The release indicated that Leading Indicators continue to indicate that our economy is stabilizing from record low levels of output. The index increased 1.1%, beating estimates for a 0.7% rise.
The final economic release of the day and the week gives us a measure of the strength of manufacturing in the Philadelphia region. Readings above 0 indicate improving conditions while readings below 0 indicate contraction. Recent readings have shown manufacturing conditions improving with last month’s report jumping from 16.7 in November to 20.4 in December. Economists surveyed expect a slight pull back with this month’s report to 18.4.
The release indicated manufacturing conditions took a step back coming in lower than expectations at 15.2.
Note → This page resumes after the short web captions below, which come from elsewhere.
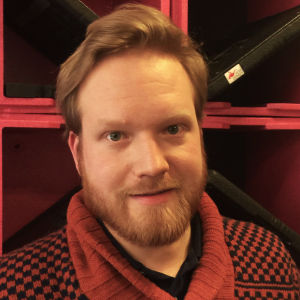Robert Torvelainen har själv promenerat till jobbet i dag. Halvbild på Robert Torvelainen.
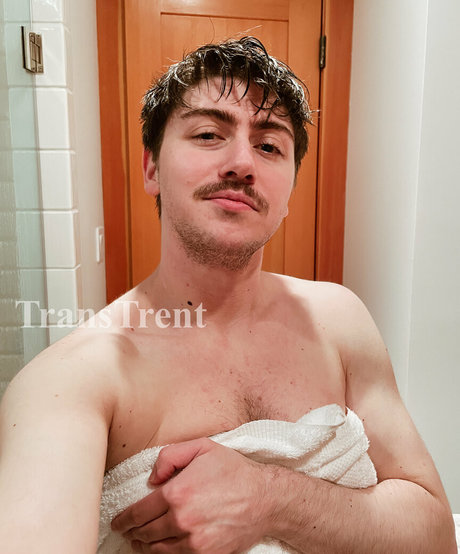 金髪の若いOnlyFans アート裸 ギャラリー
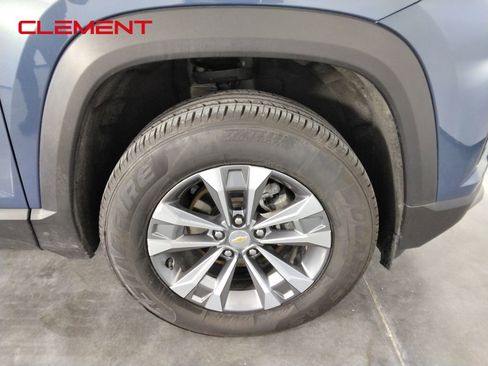 Used 2025 Chevrolet Equinox LT FWD image 32
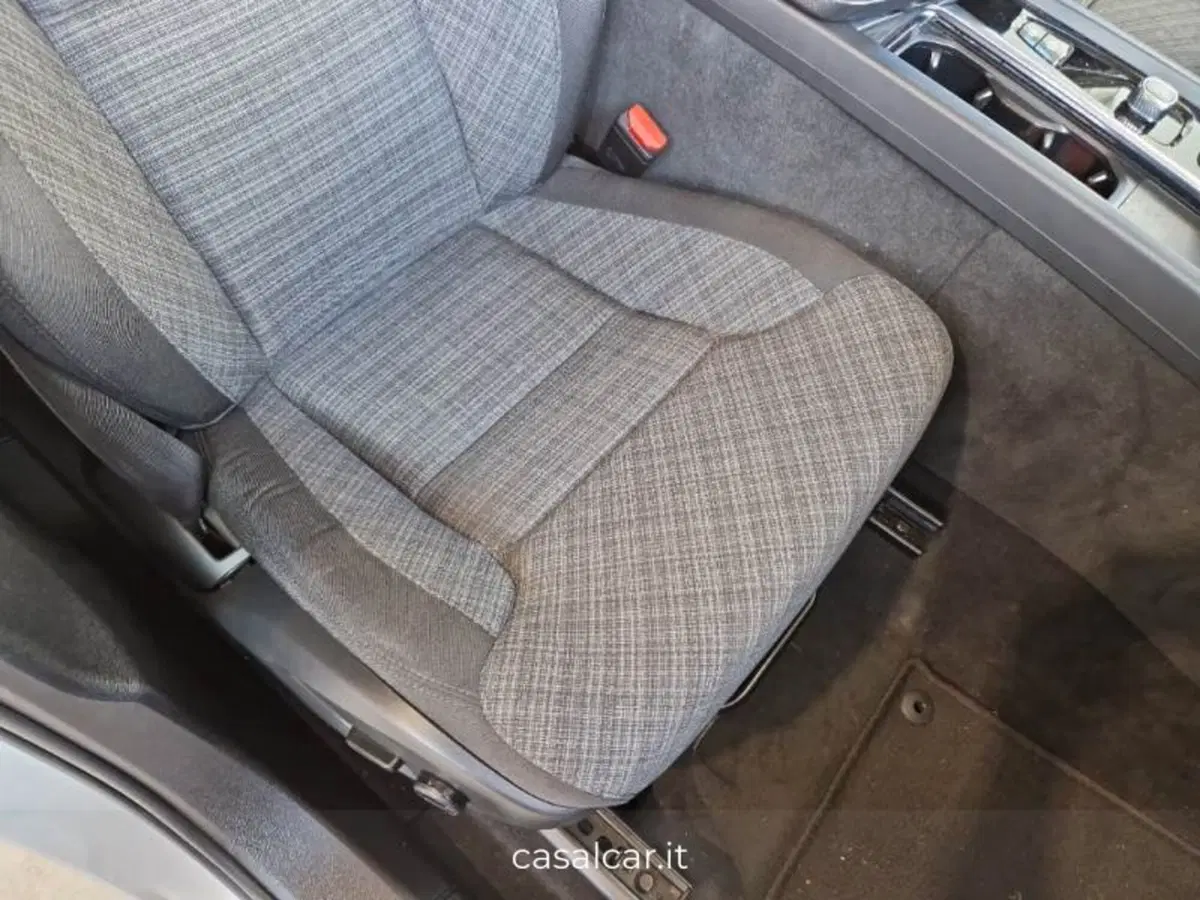 Volvo XC60 usata a Salerno (12)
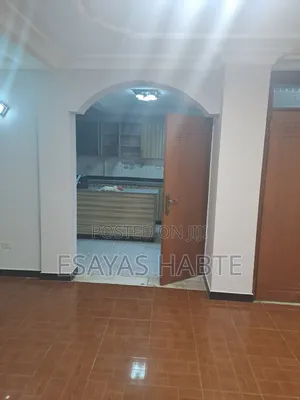 5bdrm Townhouse / Terrace in Bole for rent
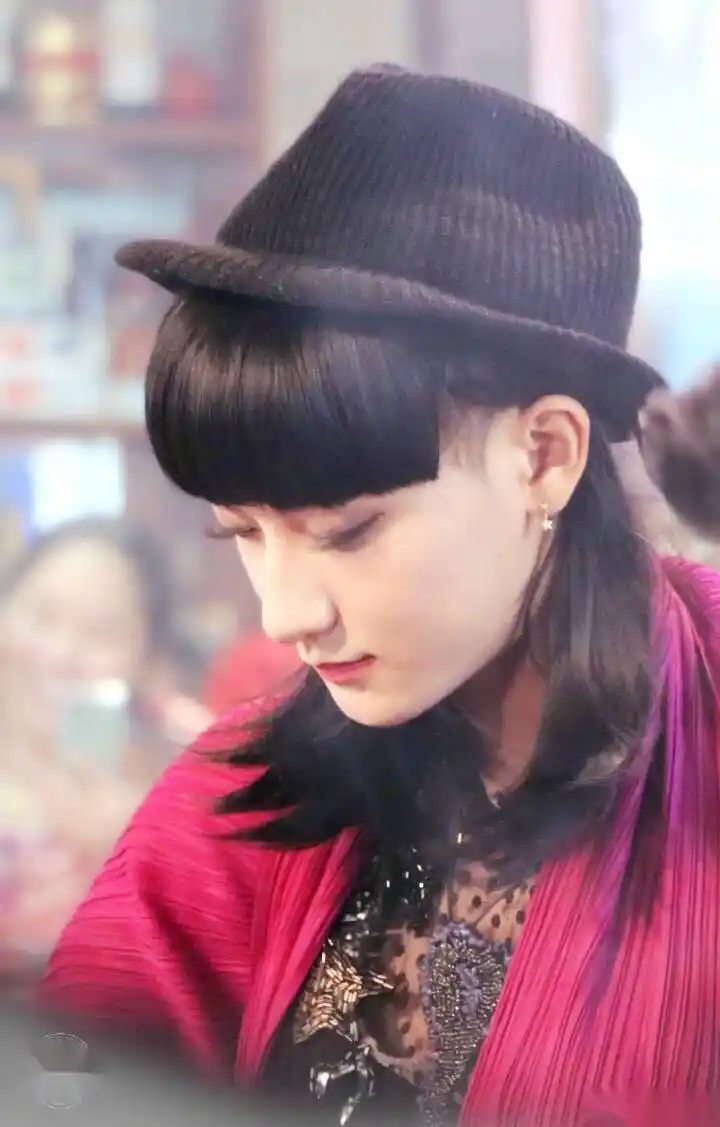 跟刘昊然的女装相比,为什么黄子韬的女装扮相还挺美丽?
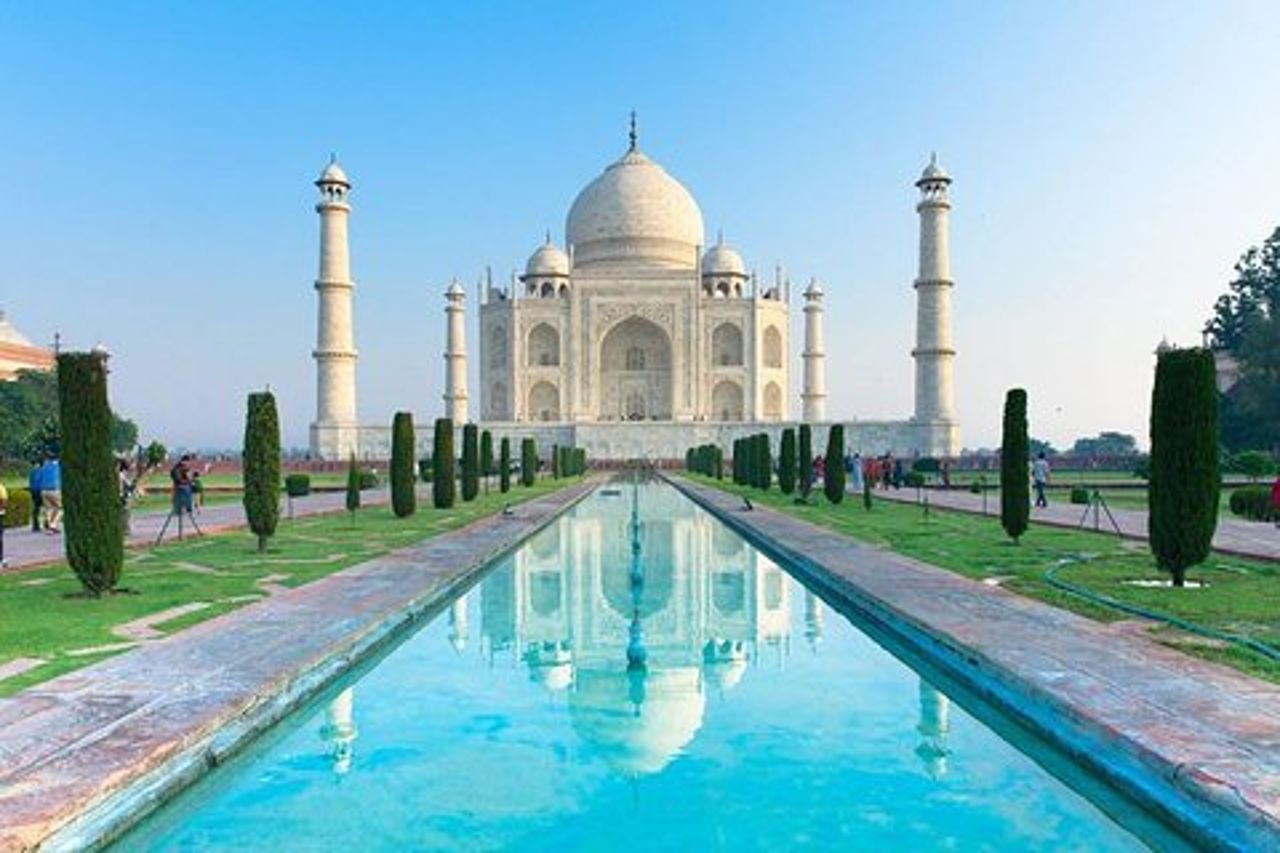 Tour privato di Taj Mahal e Agra Fort da Delhi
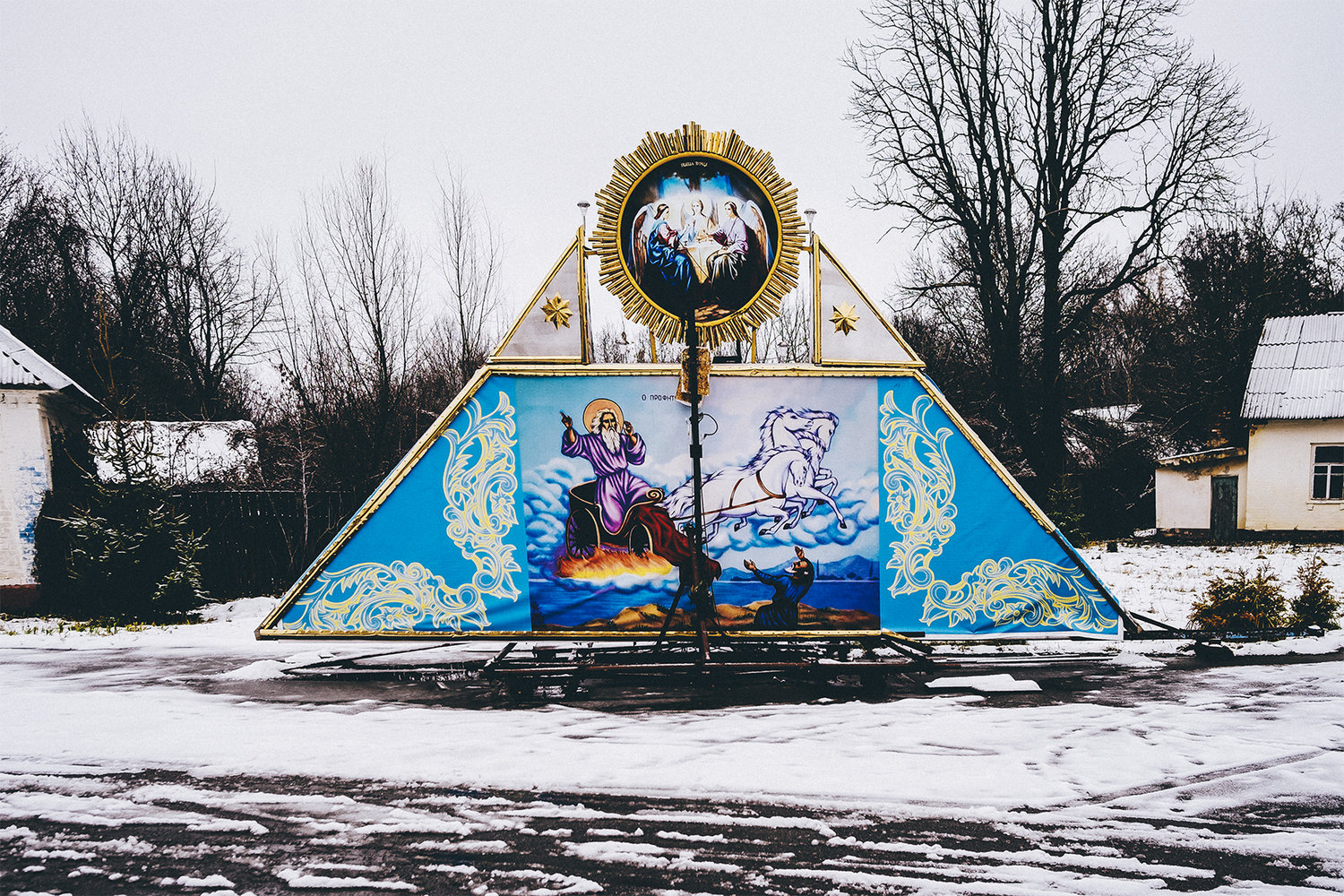 Foto monumento religioso en Chernobyl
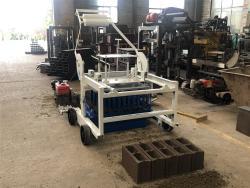 Машина для производства бетонных блоков с дизельным двигателем QTM4-45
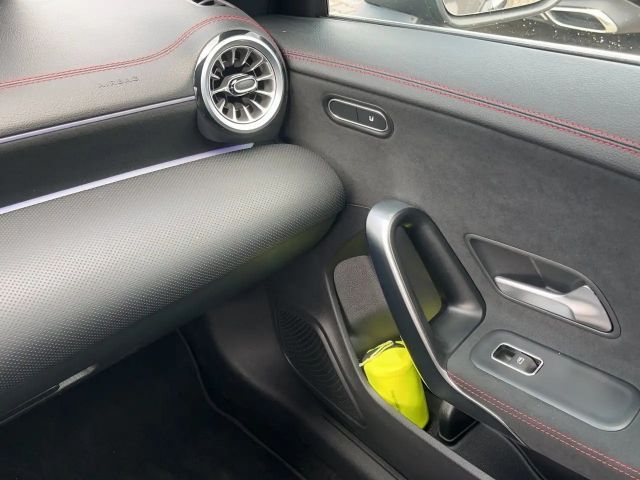 Mercedes-Benz CLA 200 AMG Line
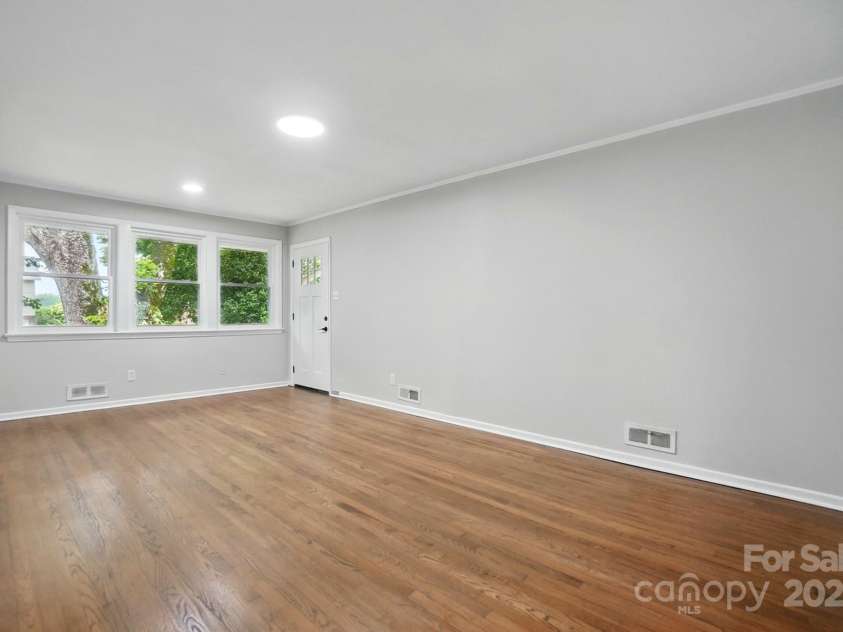 1412 Wembley Drive, Charlotte, NC 28205.  MLS# CAR4257976, YatesRealty ID 20281. Living space in 3bdrm unit
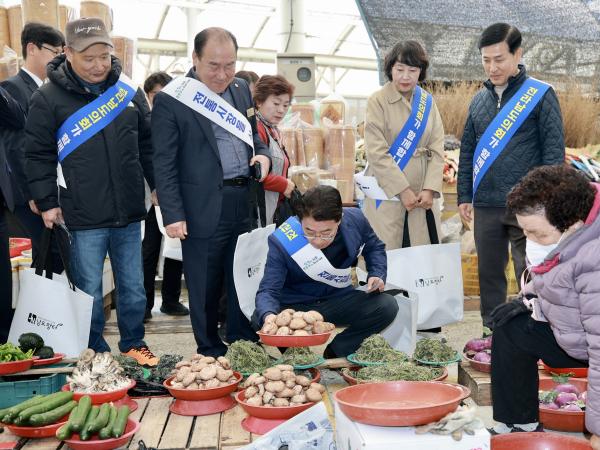 25년11월24일 민생경제 회복 전통시장 장보기 캠페인 - 014 6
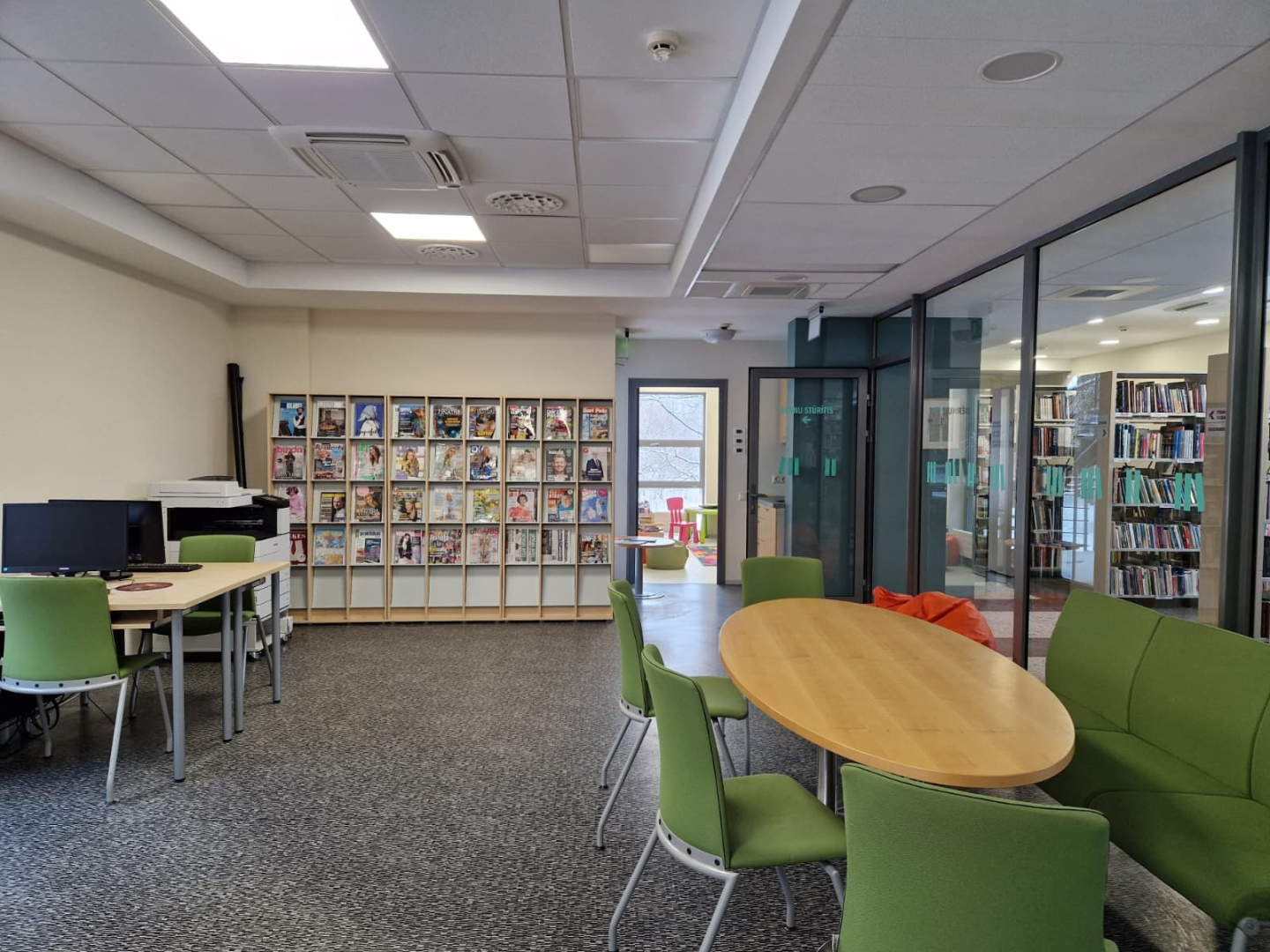 Mazcenas bibliotēka
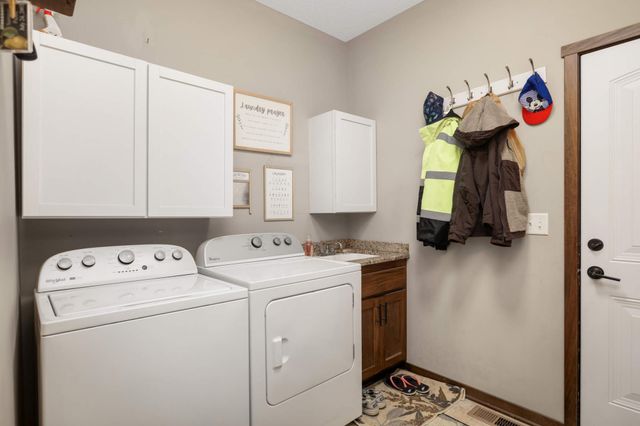 29412 Hidden Forest Boulevard, Chisago City, MN 55013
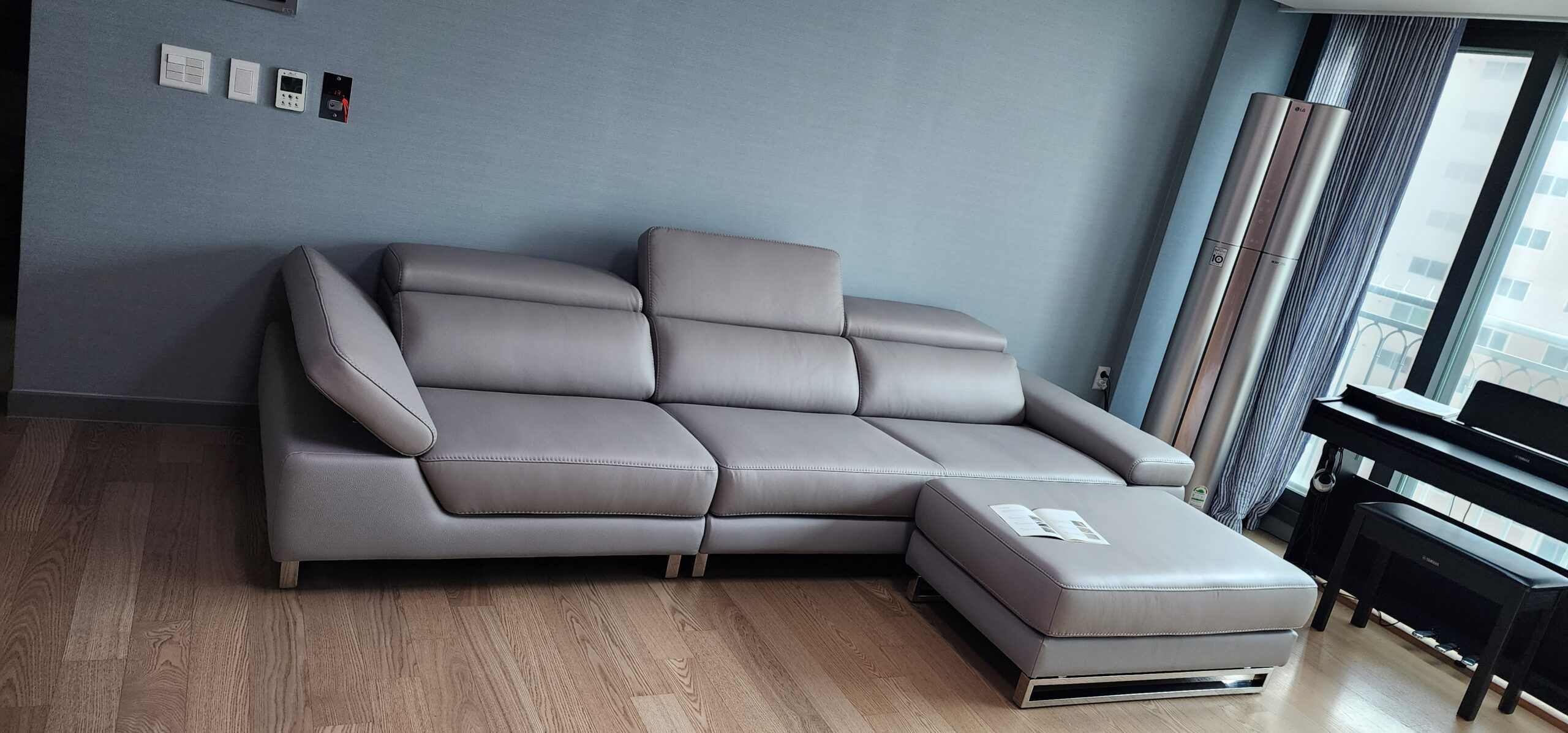 Sofa BEXLEY – Sofa Da 4 Chỗ Hiện Đại Thiết Kế Tựa Đầu Thông Minh Đẳng Cấp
The most important event of the day, besides the unexpected announcement from President Obama which I will explain in a moment, was the U.S. Department of Treasury announcement on the size of next week’s debt offering. When our government does not have the cash to pay for spending, they borrow money by issuing Treasuries. The added supply of debt on the market can pressure both treasury and mortgage yields higher. Today the Treasury announced new supply totaling $118 billion. The breakdown is as follows: $44billion 2 year notes, $42billion 5 year notes, and $32billion 7 year notes.These amounts are unchanged from the previous auction cycle, the bond market did not react negatively to these terms. That is a function of President Obama’s press conference though…
This morning President Obama announced that he was planning on getting more involved in the financial markets, this time with a proposal to limit the size of banks and their risk taking/profit making strategies. While details have yet to be provided, the stock market did not react well to this news. Bank stocks sold off rapidly as market participants scrambled to make sense of the regulatory proposal. This event turned out to be very supportive of interest rates. We call this a “flight to safety” rally. This occurs when investors are nervous or in a panic and need to re-allocate their funds to safe assets. There are no safer assets than US Treasury debt, which are backed by the US government’s ability to raise money from taxpayers. This “flight to safety” rally was beneficial to the mortgage market. CAVEAT:THIS WAS FORCED BUYING AND IS NOT NECESSARILY A SIGN OF FURTHER IMPROVEMENTS TO COME…READ MORE
Reports from fellow mortgage professionals indicate lender rate sheets to be improved from yesterday. While the par 30 year conventional mortgage rate remains in the 4.75% to 5.00% range, it is less expensive to get those rates today. These rates are the most aggressive in the mortgage market, only very well qualified consumers will have access to these borrowing costs. To secure a par rate you must have a FICO credit score of 740 or higher, a loan to value at 80% or less. These quotes also assume the borrower is willing to pay all closing costs including an estimated one point loan origination/discount/broker fee. If you are seeking a 15 year term, you should expect a par rate in the 4.25% to 4.50% range with similar costs.
With lenders still offering the best rates we’ve seen in over a month and further progress unknown in the rates market, I think most should consider locking in their mortgage rate. As I said yesterday, we have picked up significant gains this week, by locking you take advantage of those gains and remove risks. At this point, without a fundamental shift in investor sentiment or the economy, it is going to be very difficult for mortgage rates to move much lower. In my opinion you do not have much to gain by floating. Also like yesterday, I am not totally against floating into tomorrow, but do feel the recent price gains warrant locking in loans. If you do decide to continue floating, you should be re-evaluating your stance on a daily basis.